If you’ve spent any amount of time reading about what the internet is, you will have heard it described as an end-to-end network. End-to-end architecture is said to be a founding principle of the internet. It has often been invoked in discussions of net neutrality, or network management. It is typically understood to mean that the internet is decentralized: to the extent possible, control is best exercised by the computers at the ‘ends’ of the network, and everything in between (the internet ‘pipes’ and the networking hardware owned by the telecom companies) should be kept as simple (or ‘dumb’) as possible — limited to passing along data packets.
Now, it is possible to argue that the internet has never been decentralized. There are points of control in its architecture, through state institutions, and the ISPs that manage our experience of the internet. But this is only surprising if we lose sight of what the end-to-end argument was meant to be — not a statement of what the internet is, but what it ought to be. This normative argument was premised on the notion of an authentic, original internet, but it was a fragile notion in danger of being lost, or intermediated out of existence. While the end-to-end principle was not intended as a description of reality, it did come to shape reality through its influence, as many people responsible for designing technologies, running networks, and governing connectivity took it seriously. However, countervailing pressures to move control from the edges to the center of the network will ensure that this will remain a constant point of tension.
The above is an argument largely based on Tarleton Gillespie’s article, Engineering a Principle: ‘End-to-End’ in the Design of the Internet. This article provides some STS-informed discourse analysis of the end-to-end principle, tracing where the term came from and how it has shifted over time. But there was another kind of end-to-end principle that preceded the internet as we know it today, and was became an obstacle to creative uses of telecom networks – a path that led us to the internet.
Gillespie doesn’t dive into this earlier notion of end-to-end, although he does reference some (Bell) sources from the early 1980s that use it to discuss virtual circuits and the need to provide end-to-end digital networking over an infrastructure composed of both analog and digital parts (or over the old telephone system). What is missing from the account is the history of the term before the 1980s, which is the background that these Bell authors have in mind when they discuss end-to-end. This alternate meaning of end-to-end persists today in numerous contexts, to denote roughly: ‘from one end to the other, and everything in between’. In the history of telecom, this meaning has been intimately tied to the notion of system integrity in the monopoly era.
The old end-to-end principle argued that the network operator must have full control of the network, from one end to the other, or that the carrier had end-to-end responsibility for communications. This meant control throughout the network, but also of the endpoints, so that only approved devices could be connected to it. The principle was also sometimes cited to prevent interconnection with other networks. In the US, regulations prohibiting “foreign” attachments to the telephone system were challenged by the 1968 Carterphone decision, but in Canada it took until later in the 1970s to displace the notion of end-to-end control and systemic integrity in telecom regulation.

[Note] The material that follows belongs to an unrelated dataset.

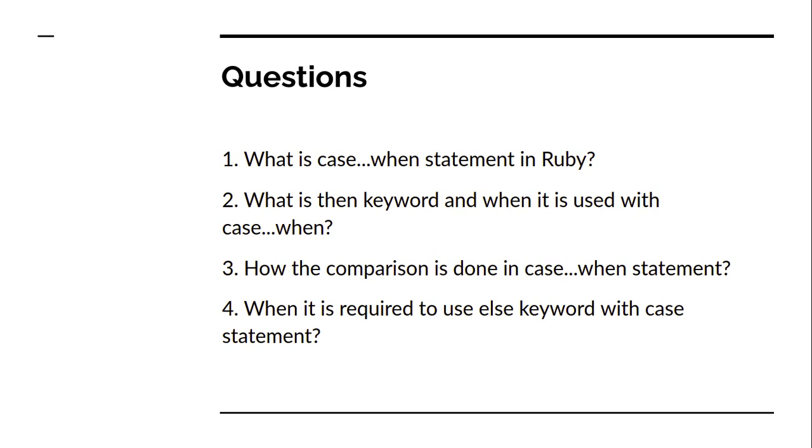That's the brief explanation about the case statement in Ruby. In the next lecture we will look at the unless conditional block in Ruby. Till then, thanks for watching this video. Let's meet in the next lecture. Tata, goodbye, take care and stay safe.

It is interesting how the internet’s end-to-end principle is not just different from this earlier notion, but in many ways its mirror image. In the mid-20th century the telephone was seen as a “natural monopoly”, because it was best managed by a single provider with centralized, end-to-end control, protecting the system’s “integrity” from any unauthorized elements. The internet in contrast is cobbled together from various network and bits of hardware, its protocols allowing diverse autonomous systems to exchange traffic, and users can plug whatever devices they want into the endpoints.
What happened in between the fall of natural monopoly arguments, and the rise of the packet-switched commercial internet was the liberalization of telecom, effectively opening up the monopoly telcos to competition. The loss of end-to-end control made it possible for the internet to emerge. The old monopolies became incumbents, and had to give up some control over what happened over their wires.
In recent years, with a flatter internet, online intermediaries maintaining more control by deploying their own transport infrastructure, and “middleware” in the network making more decisions, the internet’s end-to-end principle is arguably under threat. But these concerns have been around for most of the history of the commercial internet. Fundamentally, these are issues about who and what exercises control over communication, rather than what the nature of our communication infrastructure dictates. Because of this, tensions about the relative power of the edges versus the middle will continue, but this also means that the history of these arguments continues to be relevant.